*** Records for the task ***

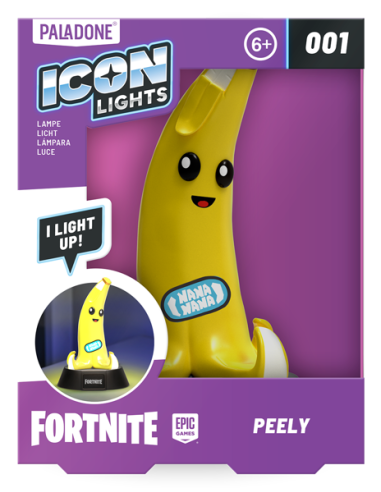 FORTNITE - Peely - Lampe Icon 11cm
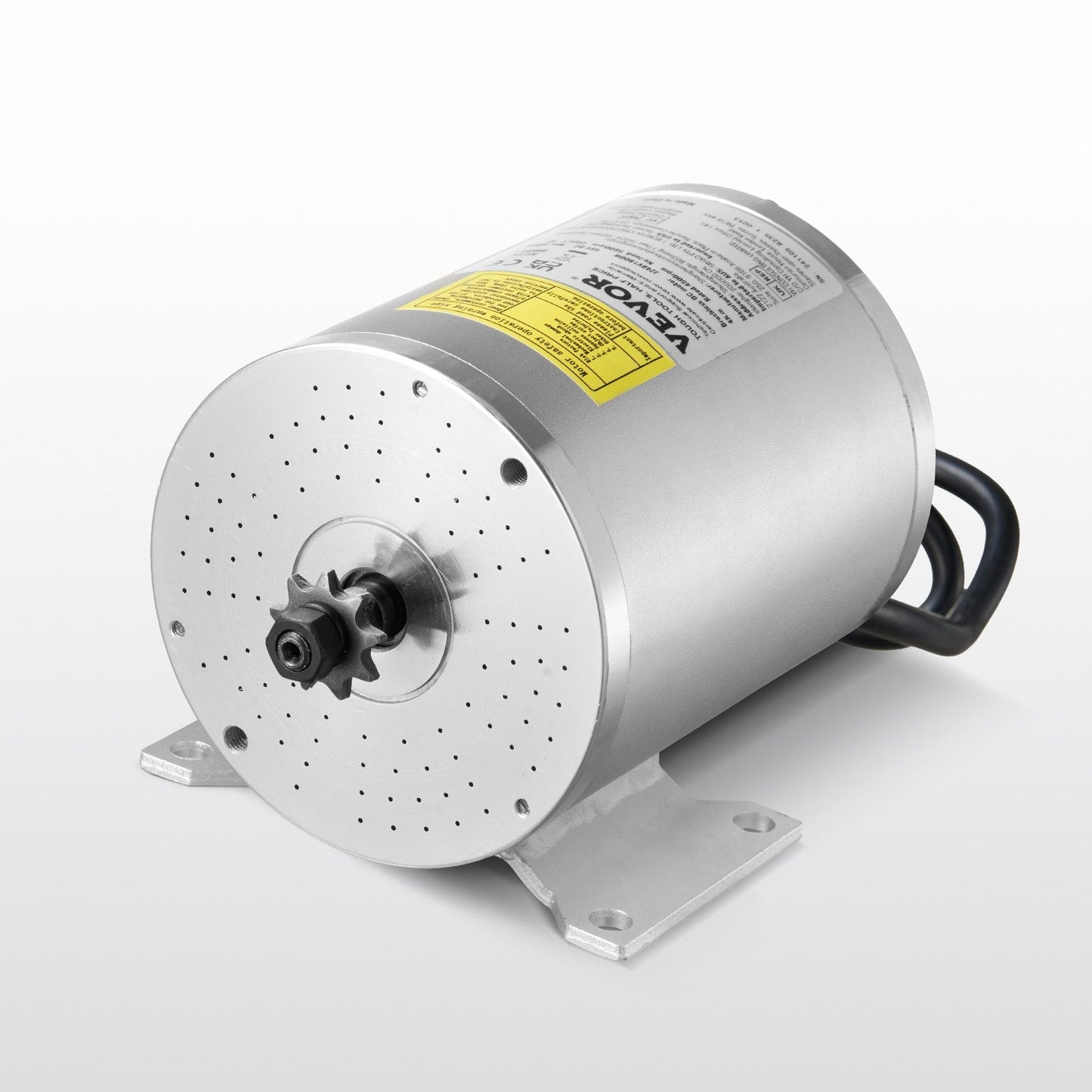 3000W Electric Brushless DC Motor, 72V 4900rpm Go Kart Electric Motor, Electric Dirt Bike Motor Engine for E-Bike Motorcycle Scooter DIY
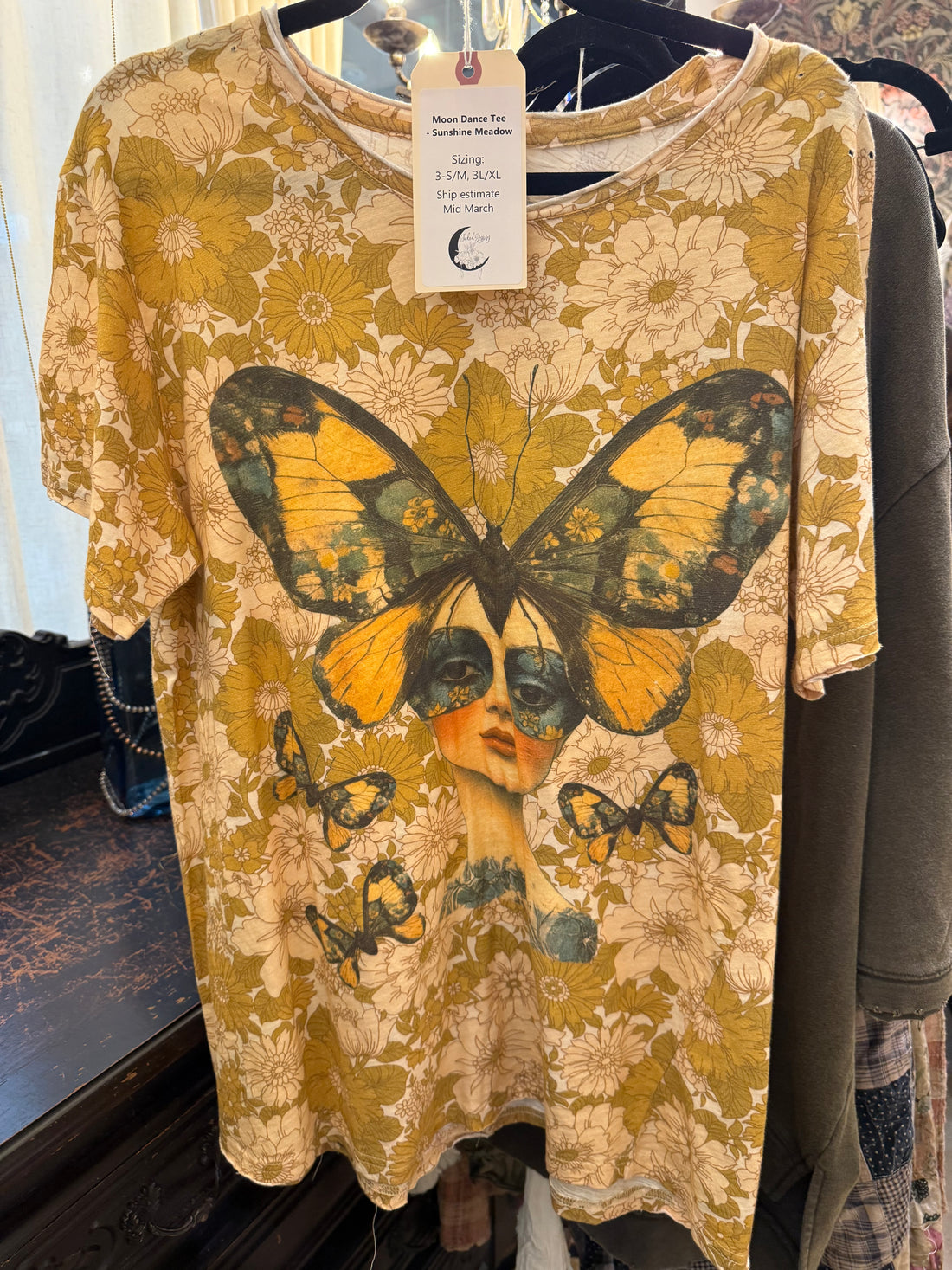 Moon Dance Tee - Sunshine Meadow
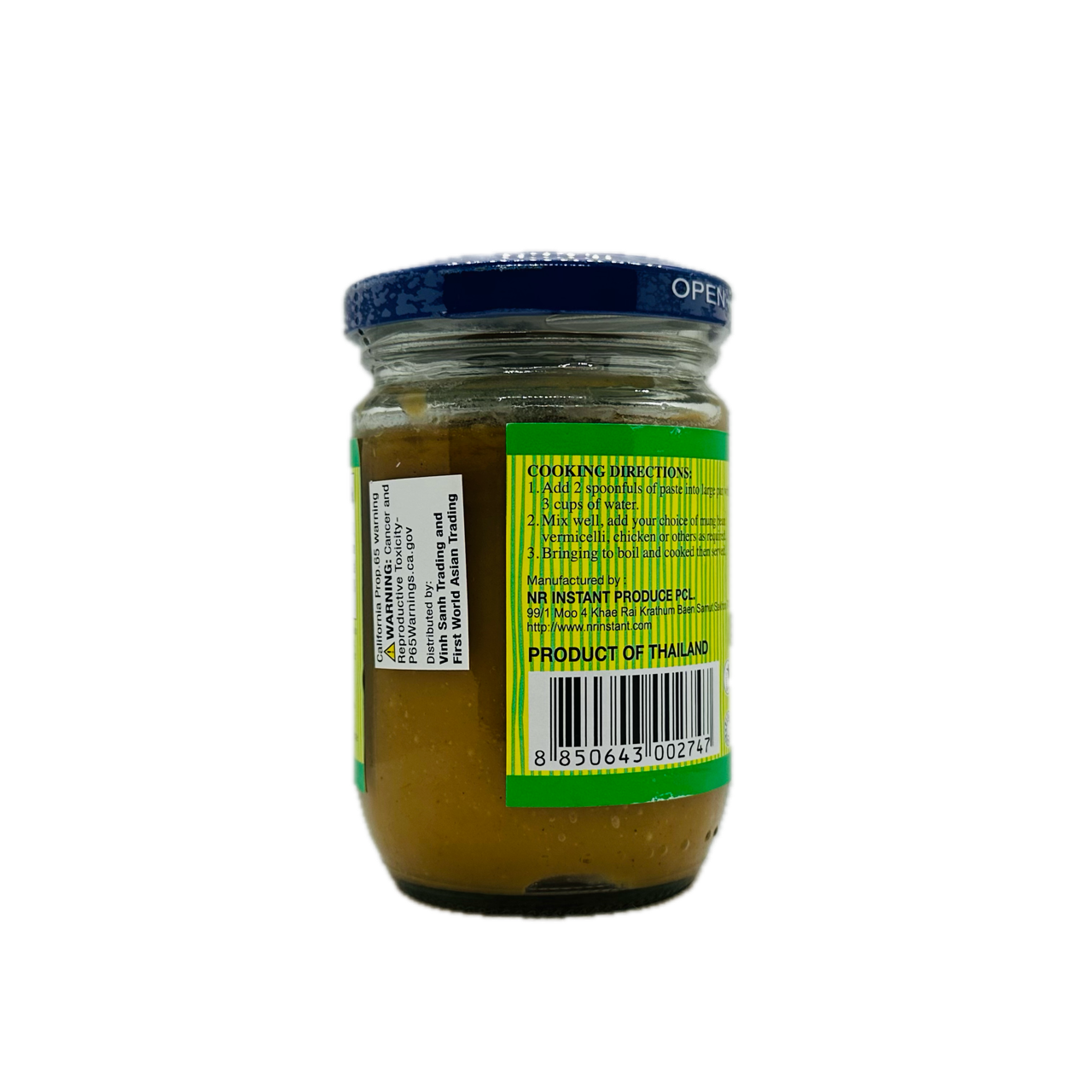 Lee Brand (Instant Chicken Flavor Paste) GİA Vİ GA SUÔP (ǍN LİÊN)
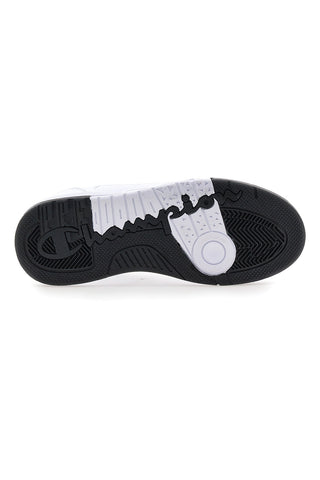 Weiße Sneaker mit grünen und schwarzen Details Champion RD18 HERITAGE LOW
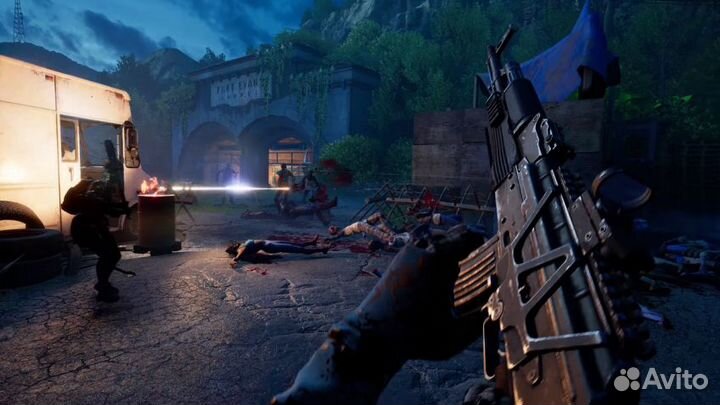 Back 4 Blood PS4/PS5 RU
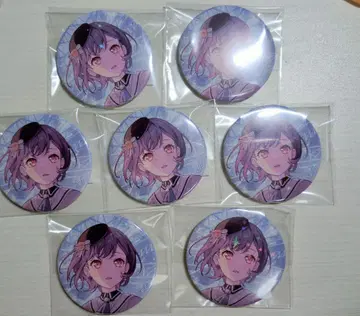 타카마츠 토우 캔뱃지 2025년 키 비주얼 ver. 7개 세트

*** End of Records for the task ***

## [Task requirements]
Return the records above exactly as written. Do not include their images.

## [Output below]
 FORTNITE - Peely - Lampe Icon 11cm
 3000W Electric Brushless DC Motor, 72V 4900rpm Go Kart Electric Motor, Electric Dirt Bike Motor Engine for E-Bike Motorcycle Scooter DIY
 Moon Dance Tee - Sunshine Meadow
 Lee Brand (Instant Chicken Flavor Paste) GİA Vİ GA SUÔP (ǍN LİÊN)
 Weiße Sneaker mit grünen und schwarzen Details Champion RD18 HERITAGE LOW
 Back 4 Blood PS4/PS5 RU
 타카마츠 토우 캔뱃지 2025년 키 비주얼 ver. 7개 세트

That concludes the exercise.